浪人者が油を売っている。その男が一文銭を通して見事に油を注ぐと観衆から拍手が起こった。客は大仰に残念がる、それがまた面白い。

次から次へと壺を手にした客が集まってくる。


その時、小さな女の子が一文銭を握ってやってきた。

「油が欲しいのかい?」

持っているお金だと、油は僅かしか買えない。

「おっ母ァが病気なの。少しでいいから油を下さい」

泣きそうな声で女の子が答える。

庄五郎は頷くと、「漏斗を使わず・・・」とお決まりの口上を述べながら枡から油を落とす。

「へっくしょい」

くしゃみをした弾みで、油が一文銭に零れた。

「おや、こいつはしくじった。お嬢ちゃん、約束どおり油は無料ただで差し上げよう」

枡一杯の油を注いでやる。

「ありがとう」

女の子は大事そうに壺を抱えて駆けていった。


「油屋、ええとこあるやないか」

観衆も心を打たれている。

「そやけど、儂の時にも失敗してくれや」

「儂は武士じゃ、わざと負けたりはせん。健気けなげな子供を見て鼻がむず痒くなっただけのこと。

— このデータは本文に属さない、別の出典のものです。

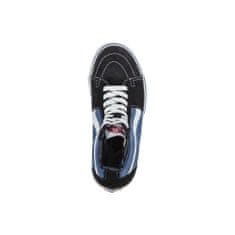 Vans Obuv skateboard 44 EU SK8 HI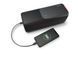 Акустична система TAS7807B 40W, IP67, TWS, Powerbank, Wireless Philips RC_TAS7807B/00 фото 5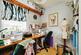Additional image 10 of Dittander Close, Bicester, Oxfordshire, OX26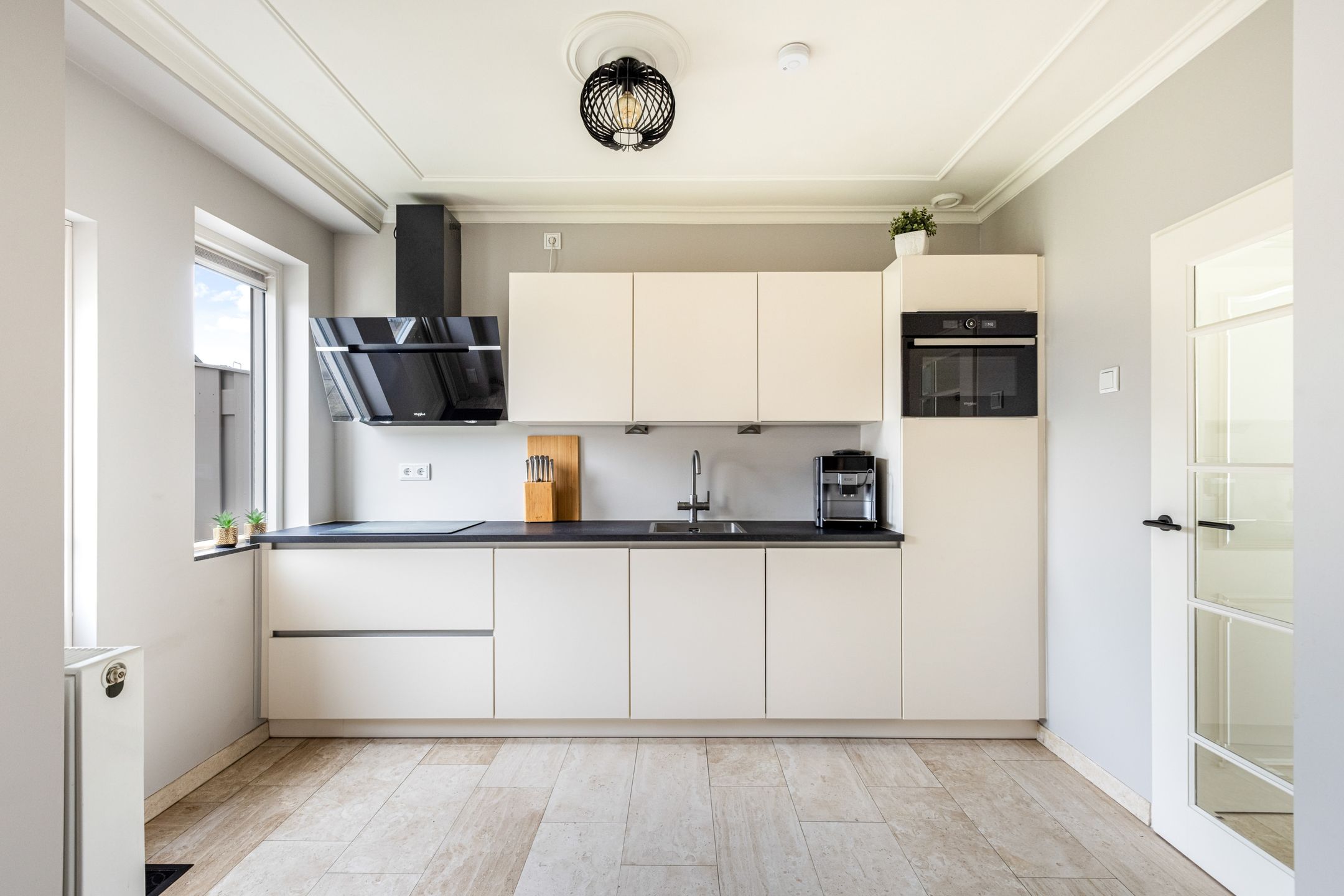 Photo 15 of Tulpstraat 105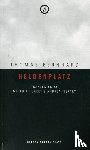 Bernhard, Thomas - Heldenplatz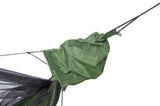 Amazonas Hammock Travel Adventure Hero XXL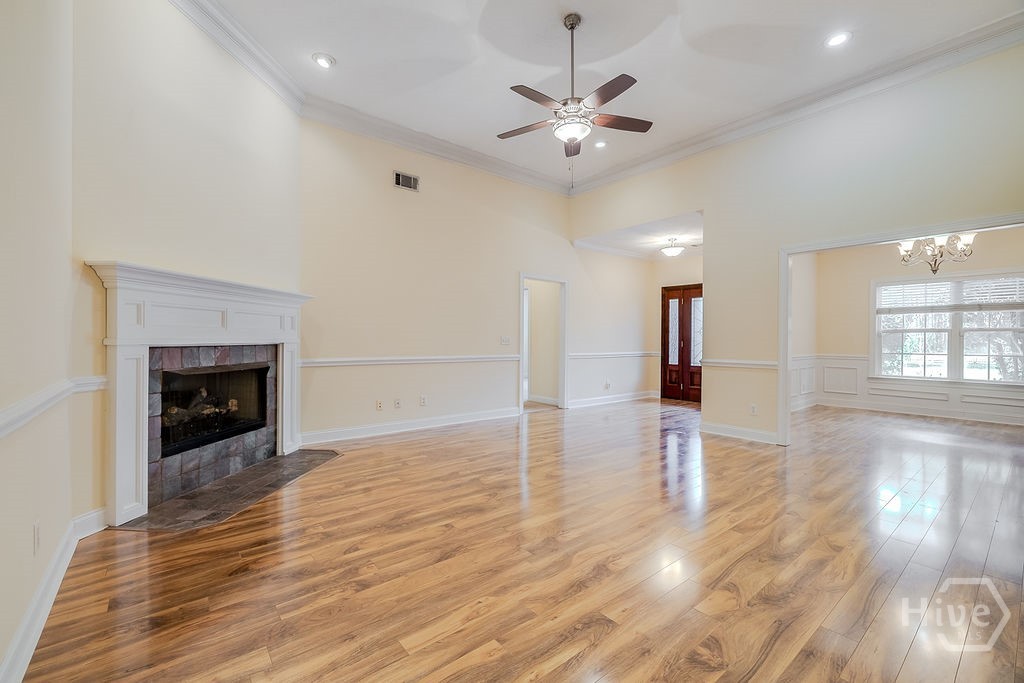 215 Zittrouer Road Guyton, GA 31312 - Photo 10 of 62 Gallery Image 10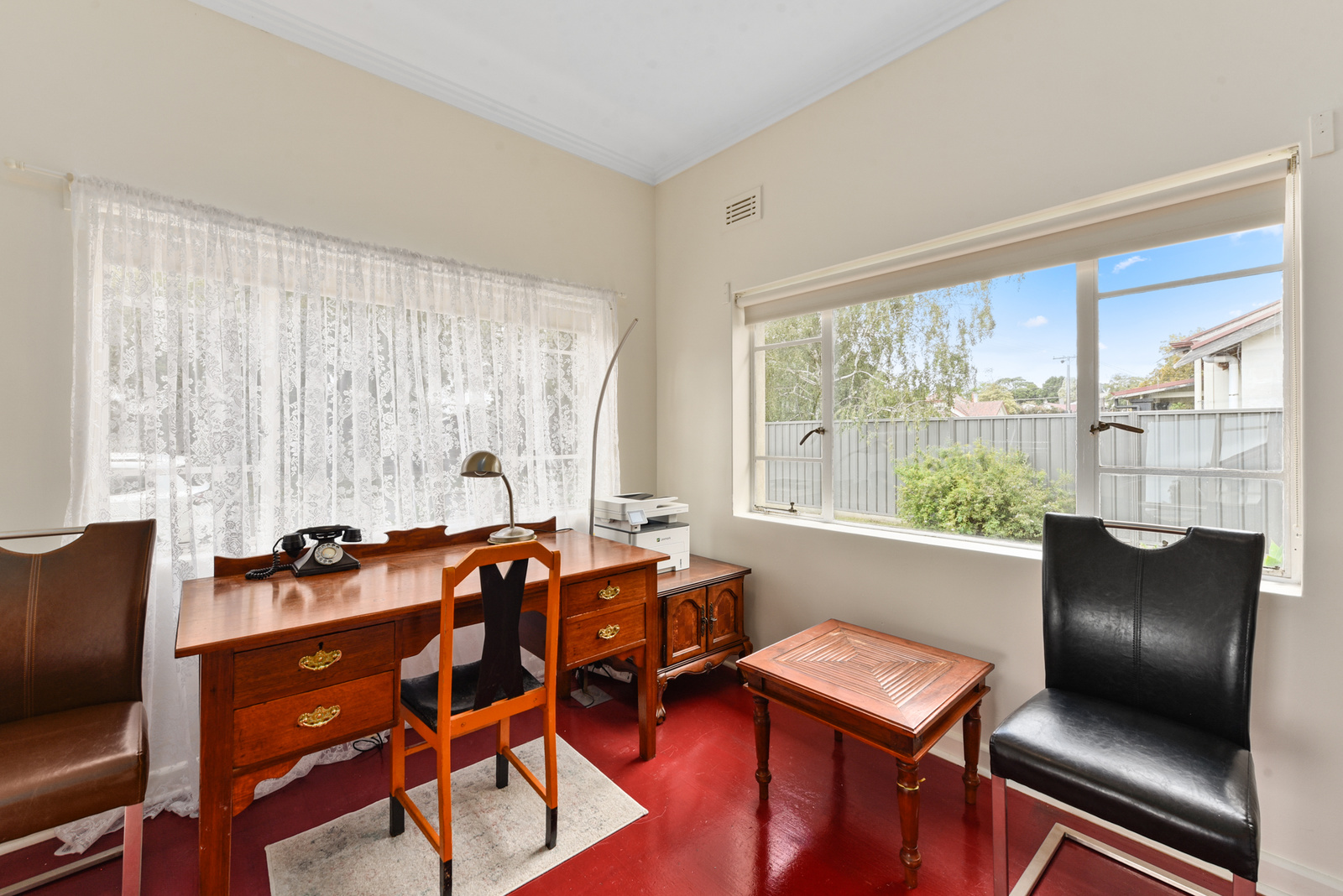 27 Chute Street, Mount Gambier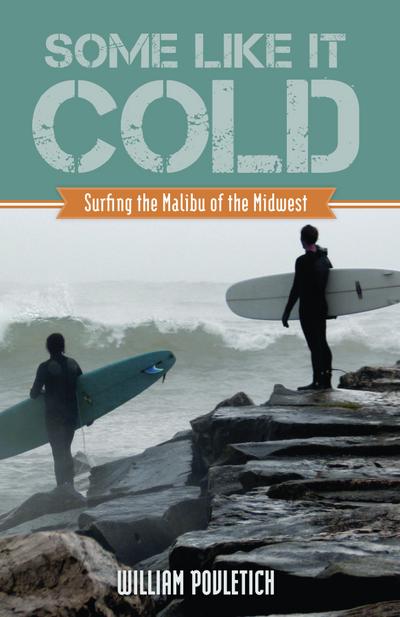 Some Like It Cold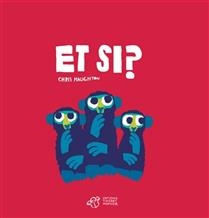 Et si?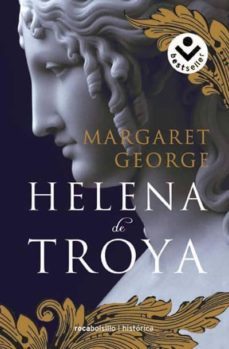 helena de troya-9788496940635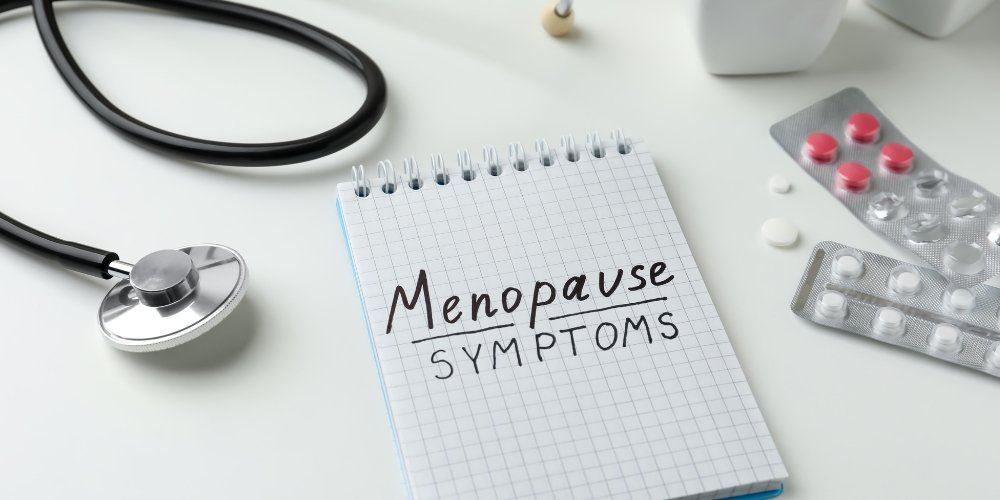 ﻿Unlocking the Best of Menopause with a Certified Practitioner Near You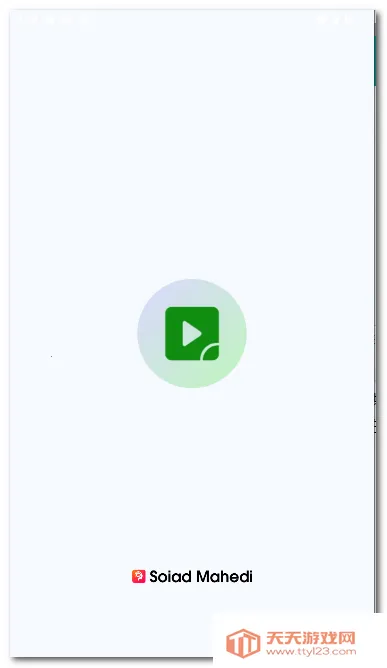 SUic ���2026���ذ�װ��ͼ0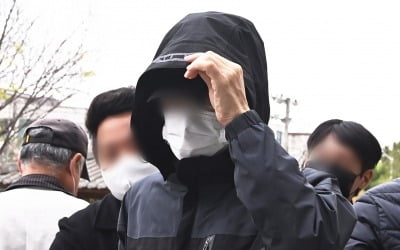 LH 직원 두 번째 구속…'내부 정보 활용' 3기 신도시 땅 투기 의혹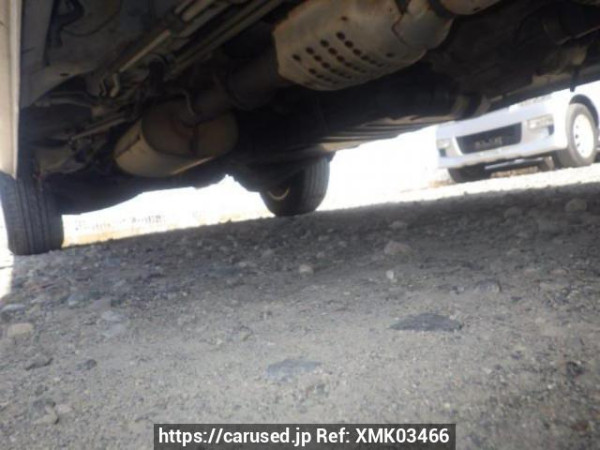 Used 1999 AT toyota hiace-regius RCH47W Image[29]
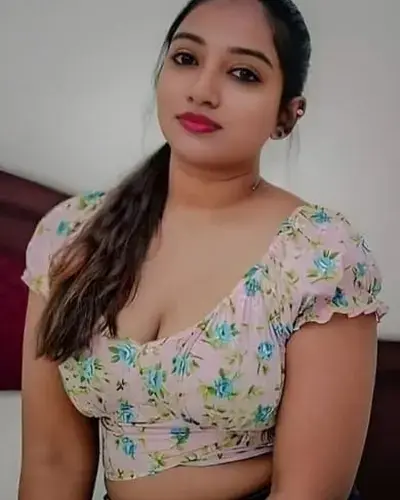 Call Girls Budaun Cash On Delivery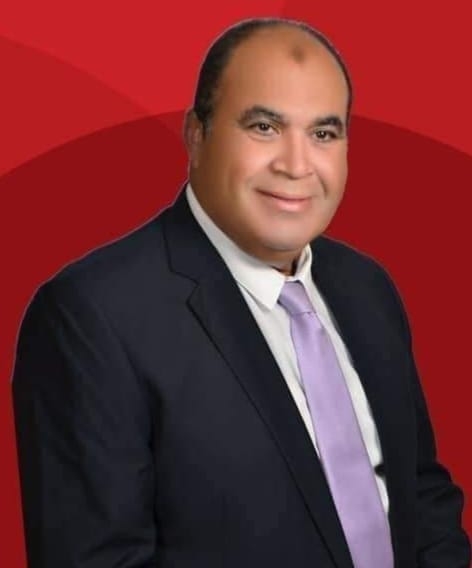 ناصر الشاذلى رئيسا للنادى الاوليمبى و الهلباوى نائبا 20 - جريدة المساء ناصر الشاذلى رئيسا للنادى الاوليمبى و الهلباوى نائبا 19 - جريدة المساء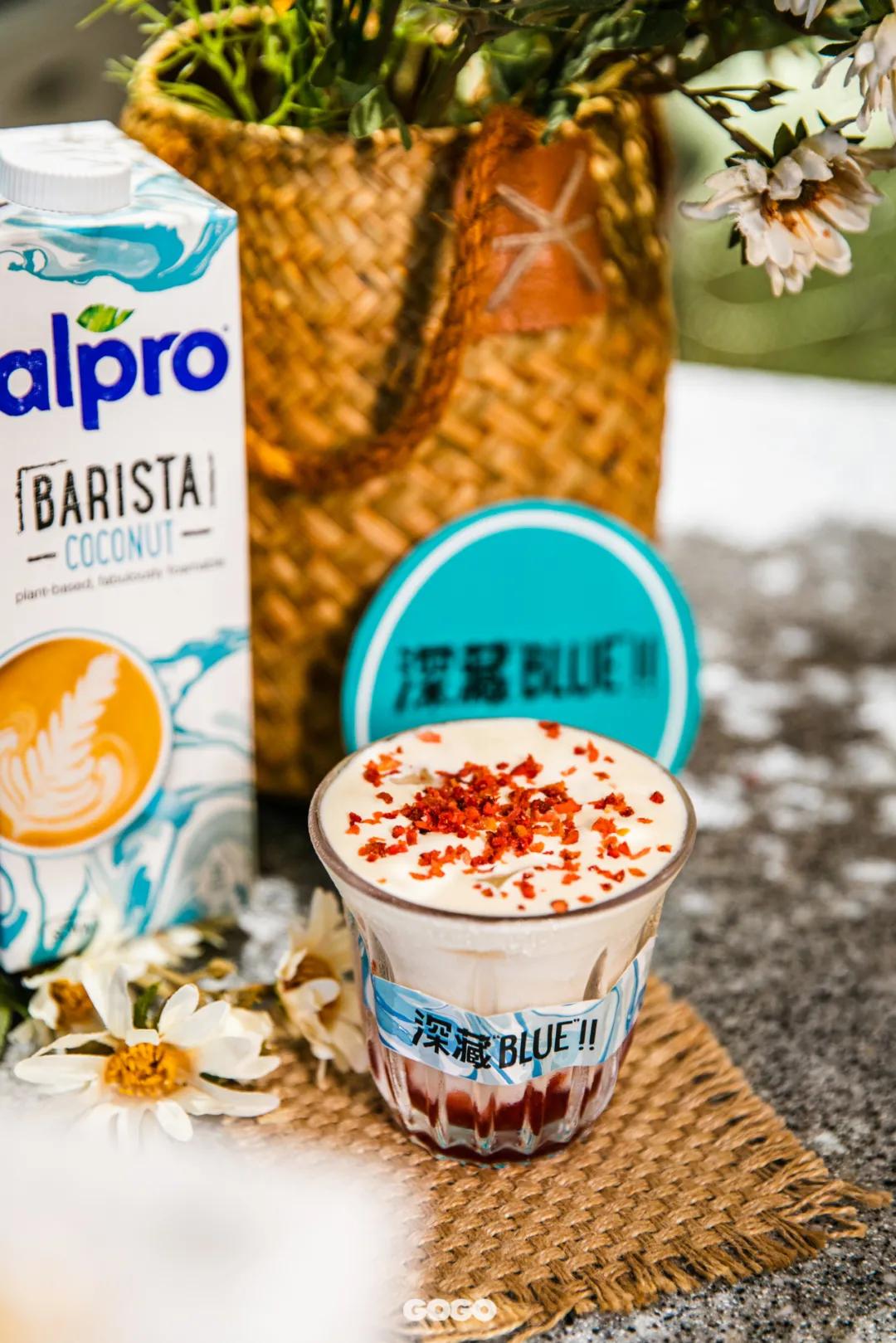 初秋的第一杯咖啡,初秋的第一杯红茶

しかしお手前の顔を見たとて、くさめ(くしゃみ)も出てこぬわい」

「何でやねん」

場がどっと沸いた。

「おかげさまで本日の油は売り切れました」

杉丸が愛想を振りまく。

「今度はいつ来るんや」

「毎月、三の付く日に参ります。どうぞご贔屓ひいきに」

こうして庄五郎だけは毎回、桶を空にして戻ってくる。


「やはり振売り(歩き売り)では効率が悪かろう」

他の行商にも一文銭の芸を教えてみるが、誰にでも簡単にできる技ではない。

「ならば、行商をしていて何か困ったことは無いか」

得てして妙案とは、困っているところに隠れているものである。

すると一人の行商が、

「毎度のことやが、枡ですくった油が少なかったと因縁をつけられてなぁ・・・」

「あぁ、儂もや。一日商いに出ると、必ず一人や二人はそんな客がおるわいな」

儂も儂も、と皆が口を揃える。

「ふ~む。ならば枡で油を注ぐところを、客に自分でやらせてみてはどうだろう」

油は高価である。一滴でも多く壺に入れようと客は真剣になる、これが受けた。

奈良屋の声を聞くと、客の方から壺を抱えてやってくるようになる。こうして客を

集める辻売りが主流となり、奈良屋の売上は一気に倍増した。